Survival analyse

From Wikistatistiek
Jump to navigation Jump to search

Survival analyse wordt gebruikt voor data waarbij waarbij de tijd tot het optreden van een event van belang is. Met tijd wordt in deze bedoeld het aantal jaren, maanden of weken vanaf de start van de follow-up van een patient tot aan het optreden van een event. Het event kan overlijden zijn (vandaar de naam survival analyse), maar ook een relapse, herstel of een ander helder gedefinieerd eindpunt. In het algemeen wordt er bij survival analyse vanuit gegaan dat er maar 1 risico is en dat er 1 mogelijk event is. Bij meerdere risico's of meerdere herhalingen van een event zijn meer geavanceerde analyse technieken nodig zoals recurrent event survival analyse of competing risk survival analyse.

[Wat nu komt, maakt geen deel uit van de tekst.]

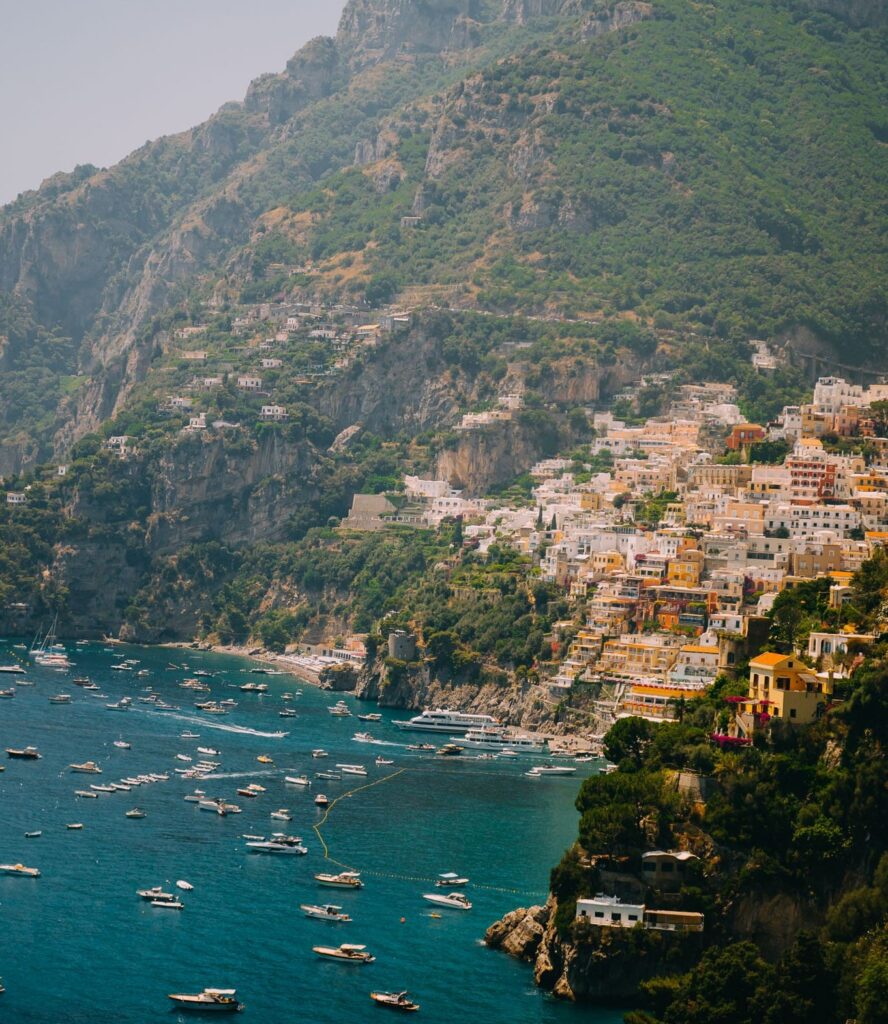 village pittoresque de Positano et baie sur la côte amalfitaine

Bij het meten van tijd-tot-event data is vaak sprake van gecensureerde waarnemingen. Hierbij heb iets aan informatie over de 'survival time' van een patient, maar je weet niet precies hoe lang de tijd-tot-event is. Censoring kan op drie manieren optreden:

  • Een patient is gevolgd vanaf het begin van de study tot aan het eind van de 12 weekse studie periode. Op dat moment heeft de patient het event nog niet gekregen. We weten nu alleen dat de tijd-tot-event van deze persoon langer is dan 12 weken.
  • Een patient trekt zich terug uit de studie na 6 weken, dus voor het eind van de studieperiode. Van deze persoon weten we alleen dat de tijd-tot event langer is dan 6 weken.
  • Een patient start aan de studie maar raakt na het laatste contact op 8 weken 'lost to follow up'. Ook van deze patient weten we alleen dat de eventvrije periode langer is dan 8 weken.

Kaplan Meier analyse

Wanneer gebruik ik een Kaplan Meier analyse?

Om een schatting te maken van de survival curve wordt er vaak een Kaplan Meier analyse gebruikt. De Kaplan Meier analyse is een non-parametrische aanpak, waarbij de volgende aannames worden gebruikt:

  • De prognose van patienten die vroeg of laat zijn geïncludeerd in de studie is gelijk.
  • Patienten met een gecensureerde uitkomst door voortijdig verlaten van de studie of lost to follow up hebben dezelfde prognose als patienten die tot aan het eind van de studie gevolgd zijn en geen event hebben gehad.
  • Events gebeuren alleen op de waargenomen tijdstippen.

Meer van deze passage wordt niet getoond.